A new computational tool developed by researchers at the Genome Institute of Singapore (GIS) could provide a significant boost to genome study.
The tool could enable a more streamlined process for reconstructing and studying genomic sequences.
The work, lead by Dr Niranjan Nagarajan, Assistant Director of Computational and Mathematical Biology at the GIS, was reported in the November 2011 issue of the Journal of Computational Biology.
Due to the sheer scale of this challenge, existing approaches for genome assembly rely on heuristics and often result in incorrect reconstructions of the genome. The work reported here represents the first algorithmic solution for genome assembly that provides a quality guarantee and scales to large datasets.
The assembled genome of an organism forms the basis for a range of downstream biological investigations and serves as a critical resource for the research community. The draft human genome, for example, was obtained at the expense of billions of dollars, serves as a fundamental resource for biomedical research and is, in fact, still being refined. Improved assembly tools thus serve to generate the most complete and accurate draft genomes that can be reconstructed from the data, avoiding mis-assembly related dead-ends for downstream research as well as minimizing the painstaking effort needed to refine and correct a draft assembly.
"Genetic studies of organisms of interest for human health (such as those causing infectious diseases), agriculture, animal husbandry and other areas of the bio-economy, such as biofuels, are driven by the availability of draft genome sequences, said Dr Nagarajan.
"This research describes a novel computational approach to reconstruct more complete and accurate draft genomes. From an algorithmic perspective, Opera demonstrates the utility of a clear optimization function and an exact algorithm derived from a parametric complexity analysis in providing a robust solution to a seemingly intractable problem."

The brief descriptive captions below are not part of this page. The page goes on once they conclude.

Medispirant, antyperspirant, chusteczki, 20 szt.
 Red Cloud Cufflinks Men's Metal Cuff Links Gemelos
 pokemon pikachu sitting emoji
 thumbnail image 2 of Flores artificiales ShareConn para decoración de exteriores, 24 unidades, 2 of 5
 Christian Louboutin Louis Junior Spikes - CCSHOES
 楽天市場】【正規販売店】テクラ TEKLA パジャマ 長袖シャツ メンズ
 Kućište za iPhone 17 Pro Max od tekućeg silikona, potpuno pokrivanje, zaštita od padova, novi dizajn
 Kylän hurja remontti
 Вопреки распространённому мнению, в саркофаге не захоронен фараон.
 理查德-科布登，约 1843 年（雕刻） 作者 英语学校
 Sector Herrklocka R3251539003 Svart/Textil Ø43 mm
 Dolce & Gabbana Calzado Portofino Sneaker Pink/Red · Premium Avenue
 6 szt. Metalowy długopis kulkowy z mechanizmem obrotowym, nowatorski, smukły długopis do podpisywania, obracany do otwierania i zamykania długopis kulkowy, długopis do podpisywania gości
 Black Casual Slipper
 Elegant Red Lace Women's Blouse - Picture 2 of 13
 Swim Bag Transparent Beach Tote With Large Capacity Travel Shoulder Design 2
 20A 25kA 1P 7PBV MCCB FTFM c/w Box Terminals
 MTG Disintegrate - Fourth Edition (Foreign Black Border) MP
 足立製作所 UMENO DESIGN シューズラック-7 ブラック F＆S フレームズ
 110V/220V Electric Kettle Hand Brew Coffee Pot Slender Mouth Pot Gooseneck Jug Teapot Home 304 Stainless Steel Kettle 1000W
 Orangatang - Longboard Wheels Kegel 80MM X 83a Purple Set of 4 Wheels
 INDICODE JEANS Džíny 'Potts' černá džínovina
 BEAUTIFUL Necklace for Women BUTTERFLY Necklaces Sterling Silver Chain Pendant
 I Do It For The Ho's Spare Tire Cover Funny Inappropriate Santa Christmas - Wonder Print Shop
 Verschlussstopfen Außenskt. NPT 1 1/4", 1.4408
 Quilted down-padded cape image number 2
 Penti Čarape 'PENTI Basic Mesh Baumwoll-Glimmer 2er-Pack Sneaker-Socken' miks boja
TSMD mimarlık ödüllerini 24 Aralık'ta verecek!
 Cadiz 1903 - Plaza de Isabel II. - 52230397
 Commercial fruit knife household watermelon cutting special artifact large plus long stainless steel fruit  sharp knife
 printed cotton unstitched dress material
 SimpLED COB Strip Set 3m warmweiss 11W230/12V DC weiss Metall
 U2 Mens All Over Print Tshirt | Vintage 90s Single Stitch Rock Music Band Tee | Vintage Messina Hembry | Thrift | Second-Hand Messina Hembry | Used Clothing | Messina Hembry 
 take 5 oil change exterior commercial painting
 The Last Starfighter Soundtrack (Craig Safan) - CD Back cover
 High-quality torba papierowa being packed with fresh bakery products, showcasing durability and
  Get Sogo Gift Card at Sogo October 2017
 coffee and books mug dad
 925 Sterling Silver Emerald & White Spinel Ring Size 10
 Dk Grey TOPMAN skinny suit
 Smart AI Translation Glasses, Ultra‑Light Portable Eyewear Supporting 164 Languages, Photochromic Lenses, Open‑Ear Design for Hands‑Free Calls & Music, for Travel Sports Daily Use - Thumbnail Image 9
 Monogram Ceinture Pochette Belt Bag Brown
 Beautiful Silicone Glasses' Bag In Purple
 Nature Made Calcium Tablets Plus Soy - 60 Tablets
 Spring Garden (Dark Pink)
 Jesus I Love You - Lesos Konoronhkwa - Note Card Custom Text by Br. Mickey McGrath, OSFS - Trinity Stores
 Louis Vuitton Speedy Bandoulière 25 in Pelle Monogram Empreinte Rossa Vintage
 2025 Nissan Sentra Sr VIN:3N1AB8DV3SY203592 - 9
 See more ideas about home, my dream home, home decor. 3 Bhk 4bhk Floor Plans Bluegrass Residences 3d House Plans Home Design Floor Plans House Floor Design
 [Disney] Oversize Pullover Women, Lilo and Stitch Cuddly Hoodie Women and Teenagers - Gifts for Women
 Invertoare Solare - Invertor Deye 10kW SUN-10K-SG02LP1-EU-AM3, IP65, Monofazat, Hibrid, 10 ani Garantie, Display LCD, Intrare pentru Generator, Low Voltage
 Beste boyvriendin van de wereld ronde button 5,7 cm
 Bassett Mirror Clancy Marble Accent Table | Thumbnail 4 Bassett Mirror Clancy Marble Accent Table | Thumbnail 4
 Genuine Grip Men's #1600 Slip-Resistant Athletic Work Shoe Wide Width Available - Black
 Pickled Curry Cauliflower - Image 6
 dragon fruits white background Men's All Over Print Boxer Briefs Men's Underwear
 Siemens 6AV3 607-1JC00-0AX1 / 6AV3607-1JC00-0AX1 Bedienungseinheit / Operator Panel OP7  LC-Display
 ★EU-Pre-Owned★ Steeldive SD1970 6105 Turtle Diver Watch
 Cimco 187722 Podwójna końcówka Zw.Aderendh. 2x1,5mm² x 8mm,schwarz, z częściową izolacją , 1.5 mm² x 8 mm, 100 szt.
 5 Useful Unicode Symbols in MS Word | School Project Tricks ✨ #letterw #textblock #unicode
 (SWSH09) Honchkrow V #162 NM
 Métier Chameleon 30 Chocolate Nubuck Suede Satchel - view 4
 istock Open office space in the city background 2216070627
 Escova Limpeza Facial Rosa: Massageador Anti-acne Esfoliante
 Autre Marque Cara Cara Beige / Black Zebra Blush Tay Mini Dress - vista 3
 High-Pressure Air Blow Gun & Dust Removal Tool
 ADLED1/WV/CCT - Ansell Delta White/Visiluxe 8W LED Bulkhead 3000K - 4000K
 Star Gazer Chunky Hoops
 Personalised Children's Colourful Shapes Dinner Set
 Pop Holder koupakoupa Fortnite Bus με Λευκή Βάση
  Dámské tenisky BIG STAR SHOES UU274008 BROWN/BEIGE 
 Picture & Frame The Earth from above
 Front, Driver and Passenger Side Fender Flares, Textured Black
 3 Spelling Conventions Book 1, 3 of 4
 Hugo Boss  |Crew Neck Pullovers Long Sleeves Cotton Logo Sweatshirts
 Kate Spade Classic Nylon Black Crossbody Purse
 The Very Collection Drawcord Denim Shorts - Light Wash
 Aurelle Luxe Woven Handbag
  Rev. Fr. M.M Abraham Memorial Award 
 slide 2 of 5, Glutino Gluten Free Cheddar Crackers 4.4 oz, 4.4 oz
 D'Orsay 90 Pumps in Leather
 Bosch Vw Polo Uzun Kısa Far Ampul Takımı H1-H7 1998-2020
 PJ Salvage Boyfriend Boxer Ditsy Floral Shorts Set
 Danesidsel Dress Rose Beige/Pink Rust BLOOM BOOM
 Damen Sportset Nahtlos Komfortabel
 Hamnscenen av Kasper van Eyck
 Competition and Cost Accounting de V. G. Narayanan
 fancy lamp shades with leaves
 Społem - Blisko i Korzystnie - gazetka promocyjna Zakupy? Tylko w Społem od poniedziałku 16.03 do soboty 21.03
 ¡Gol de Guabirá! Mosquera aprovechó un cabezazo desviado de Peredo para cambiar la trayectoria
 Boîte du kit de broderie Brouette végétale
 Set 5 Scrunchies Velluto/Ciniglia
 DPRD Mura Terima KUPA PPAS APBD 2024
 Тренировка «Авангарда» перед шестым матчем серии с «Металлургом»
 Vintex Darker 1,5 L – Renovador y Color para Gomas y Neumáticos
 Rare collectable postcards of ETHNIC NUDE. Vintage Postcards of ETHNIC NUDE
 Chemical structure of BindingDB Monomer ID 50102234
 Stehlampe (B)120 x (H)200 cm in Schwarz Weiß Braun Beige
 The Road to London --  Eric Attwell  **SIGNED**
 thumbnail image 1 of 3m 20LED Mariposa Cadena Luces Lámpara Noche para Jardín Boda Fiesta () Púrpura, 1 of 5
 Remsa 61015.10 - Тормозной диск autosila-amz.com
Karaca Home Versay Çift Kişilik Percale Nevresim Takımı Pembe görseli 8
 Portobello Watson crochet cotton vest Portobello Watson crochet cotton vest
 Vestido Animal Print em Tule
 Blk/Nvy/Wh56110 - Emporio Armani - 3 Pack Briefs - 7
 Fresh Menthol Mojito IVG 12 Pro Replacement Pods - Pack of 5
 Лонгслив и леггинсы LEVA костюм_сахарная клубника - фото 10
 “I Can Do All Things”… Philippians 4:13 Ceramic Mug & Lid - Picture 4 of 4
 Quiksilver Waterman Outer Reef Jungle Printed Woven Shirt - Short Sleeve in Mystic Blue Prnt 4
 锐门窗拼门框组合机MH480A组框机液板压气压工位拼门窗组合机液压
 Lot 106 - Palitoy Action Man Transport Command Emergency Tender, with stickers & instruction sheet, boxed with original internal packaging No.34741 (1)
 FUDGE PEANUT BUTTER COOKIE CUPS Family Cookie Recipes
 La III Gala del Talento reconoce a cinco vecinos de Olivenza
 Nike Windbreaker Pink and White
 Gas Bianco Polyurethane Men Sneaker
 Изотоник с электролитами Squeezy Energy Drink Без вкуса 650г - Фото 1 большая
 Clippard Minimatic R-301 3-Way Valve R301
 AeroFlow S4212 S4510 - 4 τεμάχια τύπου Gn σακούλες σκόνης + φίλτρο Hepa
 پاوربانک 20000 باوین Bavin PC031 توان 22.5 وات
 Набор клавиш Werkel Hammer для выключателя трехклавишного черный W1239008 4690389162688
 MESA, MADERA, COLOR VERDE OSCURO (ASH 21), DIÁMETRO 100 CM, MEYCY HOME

Mihai Pop, Associate Prof, Department of Computer Science; and Interim Director, Center for Bioinformatics and Computational Biology at the University of Maryland said: "Opera is an important advance in genome assembly algorithms - currently it is the best stand-alone genome scaffolder available in the community. In Opera, Dr Nagarajan's team has introduced a rigorous theoretical framework for genome scaffolding as well as a practical implementation that achieves remarkable performance. These results are impressive given the substantial research in the field over the past 30 years, as well as the numerous developments spurred in recent years by advances in sequencing technologies."